The task → Before returning the data, strip out the pictures and keep everything else exactly the same.

Data provided →
+ + + +

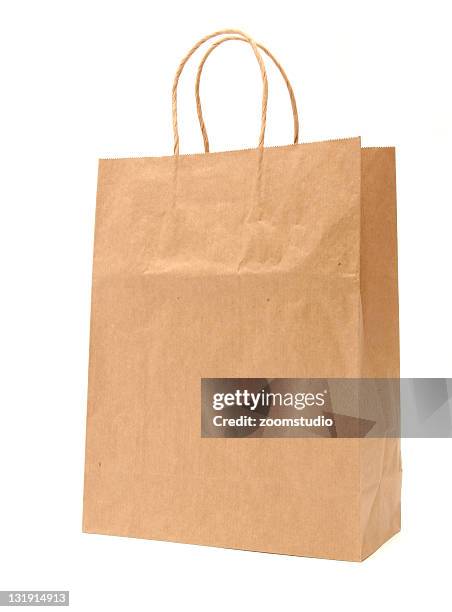 recycled paper shopping bag - brown paper shopping bag stock pictures, royalty-free photos & images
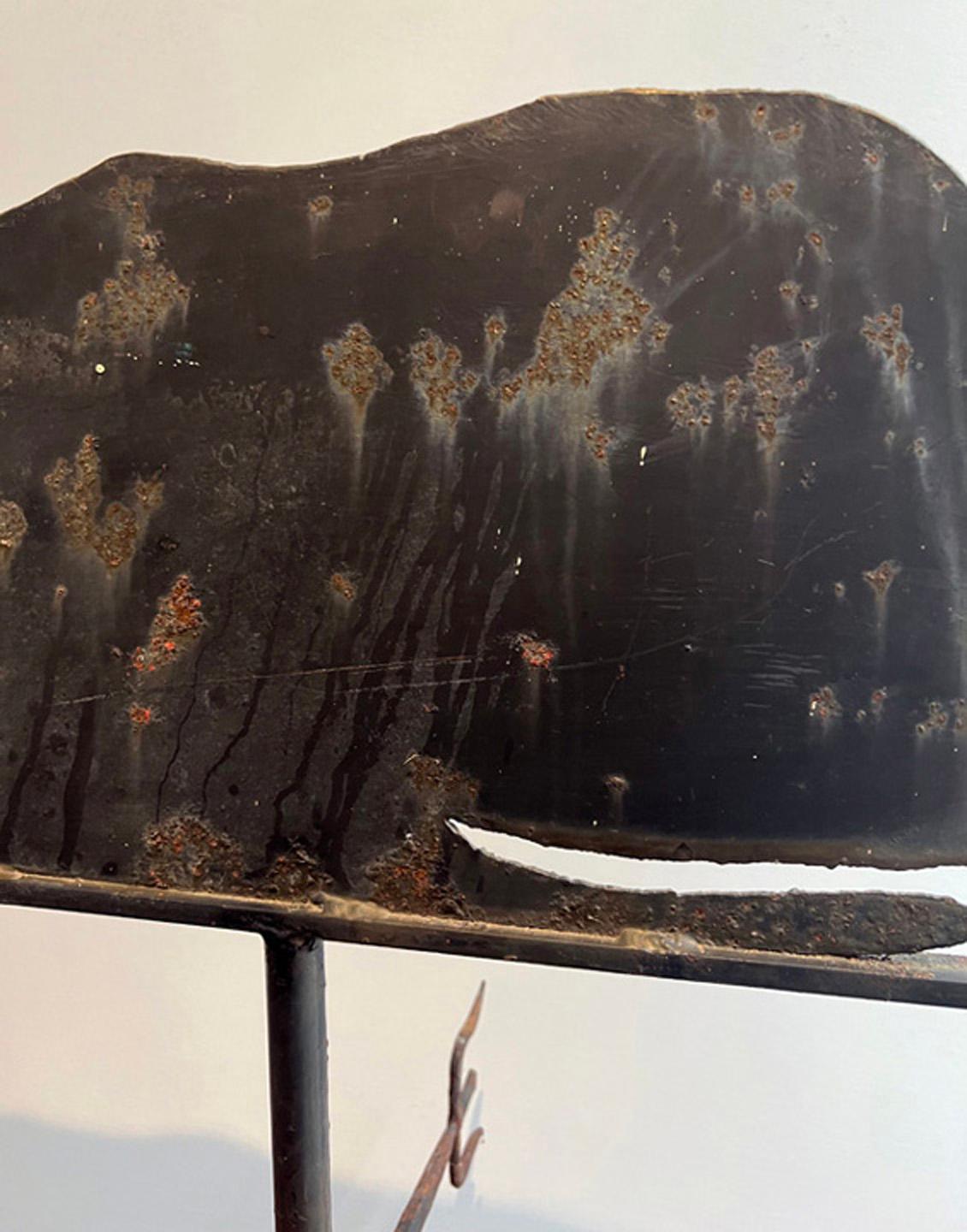 This is and example of an early American Antique weather vane Sperm whale. Hand made by a skilled black smith the details are amazing. The directions are accented by sharp pointed iron work. It has an amazing twist to the tail that wake it a really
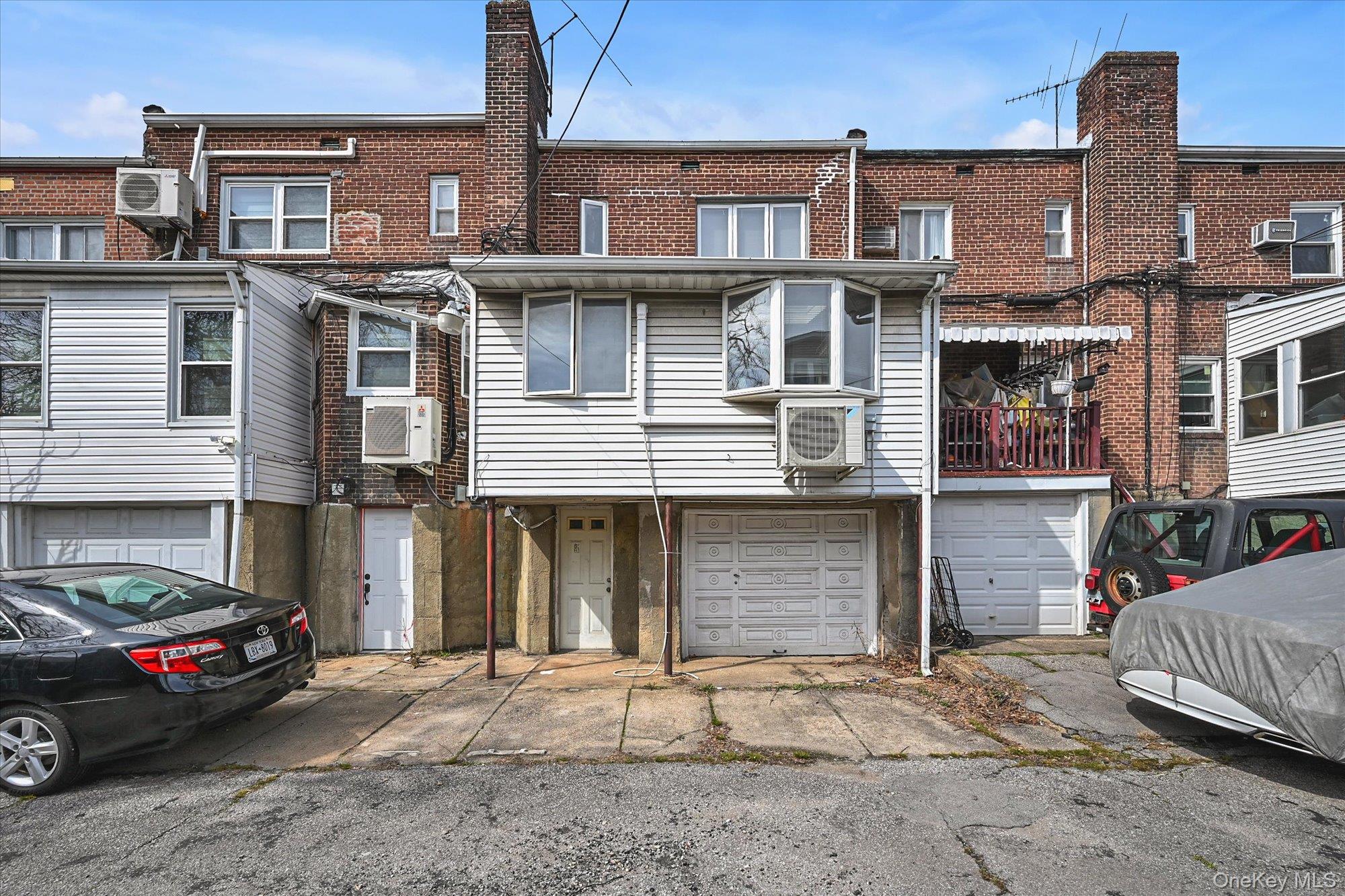 136-54 71st Road Queens, NY 11367 - Photo 25 of 25 a front view of a house with a yard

+ + + +

Task solution →
 recycled paper shopping bag - brown paper shopping bag stock pictures, royalty-free photos & images
 This is and example of an early American Antique weather vane Sperm whale. Hand made by a skilled black smith the details are amazing. The directions are accented by sharp pointed iron work. It has an amazing twist to the tail that wake it a really
 136-54 71st Road Queens, NY 11367 - Photo 25 of 25 a front view of a house with a yard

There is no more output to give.